COSTAS Standings, Week One

by Andrew Mooney

As promised, here are the COSTAS standings for the first week of Olympic competition. To learn more about how COSTAS is calculated and what it intends to measure, read my original post here. Medal figures are current as of Saturday afternoon’s competition.

First, we have the medal standings as traditionally recorded:


Now here are those same standings, revisualized by COSTAS:


Like in 2008, China has opened up a giant lead over the rest of the field. Though they do not have a substantial advantage in gold medals, the Chinese have swept entire sports, like badminton, table tennis, and diving. The vast majority of the U.S.’s medal haul to this point has come in swimming (14 golds, eight silvers, and six bronzes), so our COSTAS total is discounted due to the large number of swimming events. The U.S. is actually far closer to third-place South Korea, which won big in archery and fencing, than to our red rivals.

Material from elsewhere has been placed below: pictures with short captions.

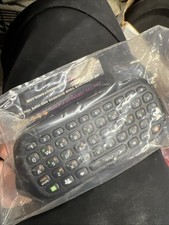 XBOX 360 Chatpad Microsoft Keypad For Controller - Sealed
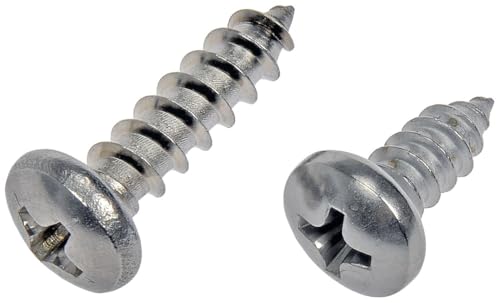 Tornillo Autoperforante Acero Inoxidable No. 10 x 1/2 in miniatura 2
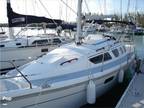 32 foot Hunter 320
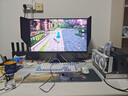 KTC 27英寸4K 160Hz双模320Hz满血HDMI2.1显示屏Type-c 90w办公HiDPI逐台校色电脑显示器大师27M1 MAX 实拍图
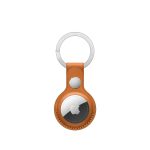 AirTag Leather Key Ring - Image 6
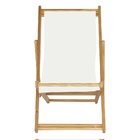 Cadeira Espreguiçadeira Preguiçosa Dobrável S/b-arara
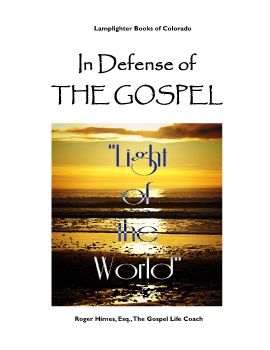 In Defense of the Gospel PUB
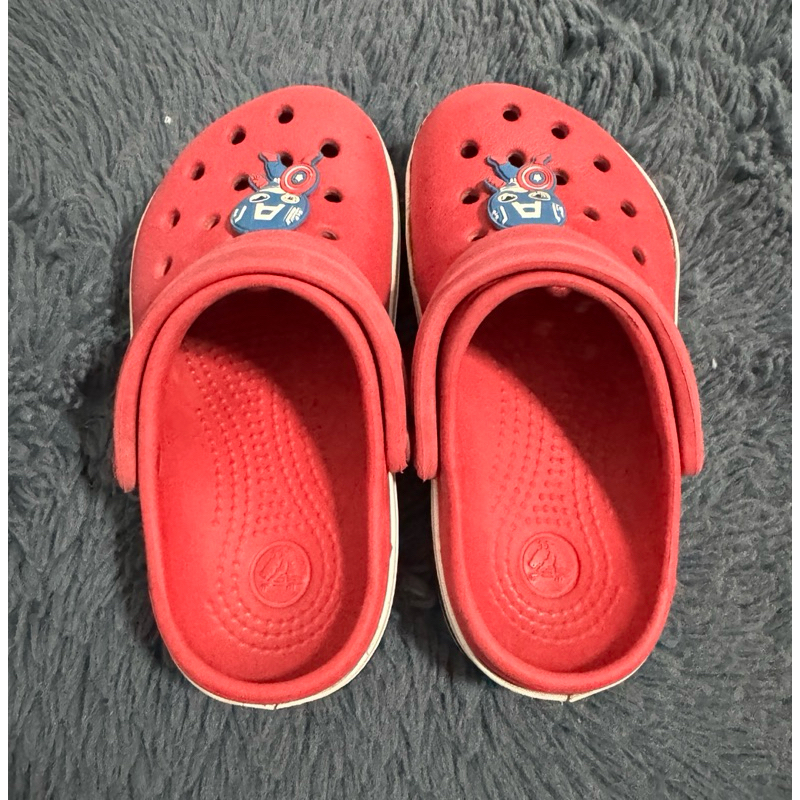 รองเท้าแตะ crocs เด็ก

An American comeback is certainly within the realm of possibility, however, given the upcoming opportunities the U.S. will have to follow China’s example and dominate in sports in which not many medals are available. The U.S. is heavily favored to take gold in men’s basketball, women’s basketball, and women’s soccer, and have looked dangerous in both men’s and women’s water polo. Medals in any of these would be rewarded heavily by COSTAS. There are also many individual gymnastics events still to come, which promise even more American gold.

But the U.S. may need all that and more to catch China, whose medal score is already a time and a half greater than the Americans’. Though we’ve just nosed into the lead according to the official standings, there’s a long way to go to match the supremacy in multiple disciplines enjoyed by the Chinese.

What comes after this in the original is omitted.